**Work instructions**. Your job with the data below: print everything from the line that holds "Блок редуцентов Редуценты" down to the line that holds "Fototapeta premium School", ends included, exactly, and nothing else.

**Extracted material**.
- Opening Delimiter -

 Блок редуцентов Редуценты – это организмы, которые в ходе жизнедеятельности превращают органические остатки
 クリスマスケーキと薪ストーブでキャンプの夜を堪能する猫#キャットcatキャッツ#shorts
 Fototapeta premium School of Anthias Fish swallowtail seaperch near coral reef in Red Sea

- Closing Delimiter -
- Opening Delimiter -

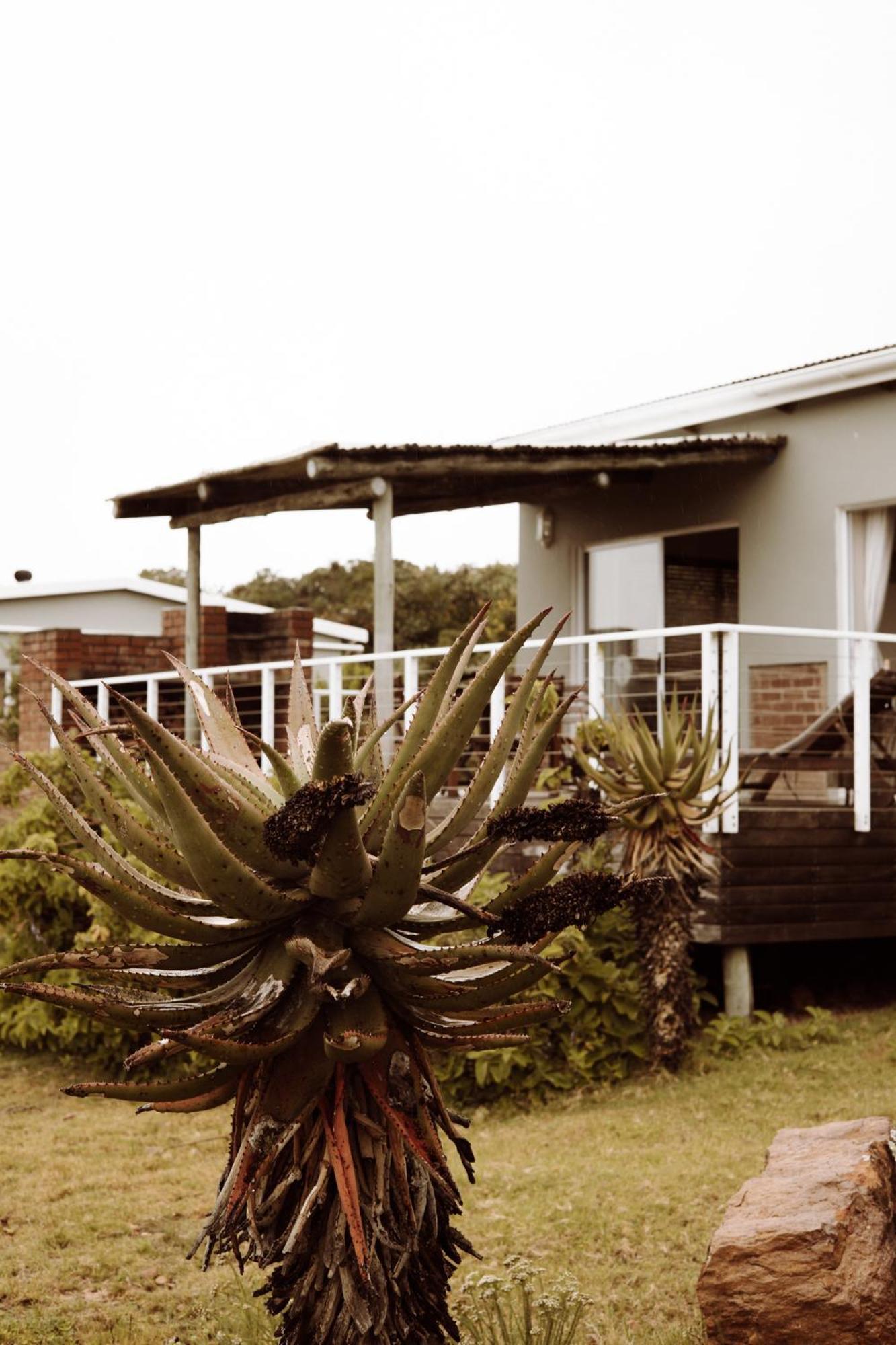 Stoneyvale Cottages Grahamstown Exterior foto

- Closing Delimiter -

**Solution for this task**.
 Блок редуцентов Редуценты – это организмы, которые в ходе жизнедеятельности превращают органические остатки
 クリスマスケーキと薪ストーブでキャンプの夜を堪能する猫#キャットcatキャッツ#shorts
 Fototapeta premium School of Anthias Fish swallowtail seaperch near coral reef in Red Sea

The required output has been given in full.